By the time the error was detected at the hospital, Jack had already gone on a crime spree involving a series of unspeakably gruesome acts of depravity. What had gotten in to Jack? Everybody wondered whether it was the brain transplant that had caused this terrifying change in his behavior. Eventually, the police caught up with Jack and he was taken in on numerous charges including murder and kidnapping.

Meanwhile, the neurosurgeon that had performed the brain transplant convinced the authorities to let him perform another operation on Jack, to take out Manson's brain and replace it with the healthy female brain. Jack returned to the hospital and left several weeks later, in evident good health and spirits, equipped with a 65-year old female's brain, and expressing a newfound appreciation of Oprah Winfrey, knitting, and flower pattern dresses. Unfortunately, a judge's order sent Jack back to jail to await trial.

Jack was unhappy in jail and was growing depressed in dark solitary cell. He thought often of his husband, Martin, and how much he would love to return to his garden or just sit in the rocking chair and knit a sweater on a lazy Sunday. The public defender assigned to the case assured Jack that he had a plan. He told Jack:

-- "I know how to win this case. You didn't commit those crimes. It wasn't you. It was Charlie's brain".

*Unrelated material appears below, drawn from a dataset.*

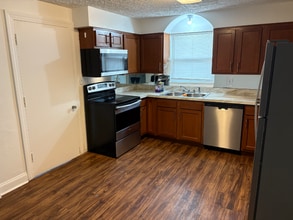 4408 Cane Run Rd in Louisville, KY - Building Photo - Building Photo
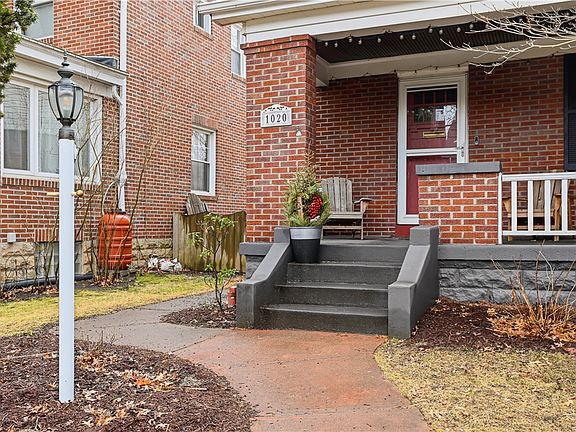 2nd image of 1020 E End Ave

-- "But they have witnesses.", said Jack. "I don't remember any of it. They say it was me, though. They all saw me. Blood was on my hands. They have my DNA. Everything points to me. I guess I did it. I'm doomed."

-- "Jack, that wasn't you!"

-- "My name isn't Jack, It's Gwendolyn. Call me Gwen, please!"

Jack sat silently in the courtroom as the trial went on, day after day, another witness describing in gory detail his horrific and senseless acts. Jack often welled up with tears as he listened to this disturbing litany, not remembering any of it, but increasingly resigned to the overwhelming probability of his guilt.

But Jack's lawyer had something extraordinary in store for everyone, an unprecedented legal gambit that he was sure would turn the tide. He called Jack to the stand. Jack testified that he didn't remember any of the crimes, that he had had never seen any of the victims whose pictures, one after the other, were presented to him.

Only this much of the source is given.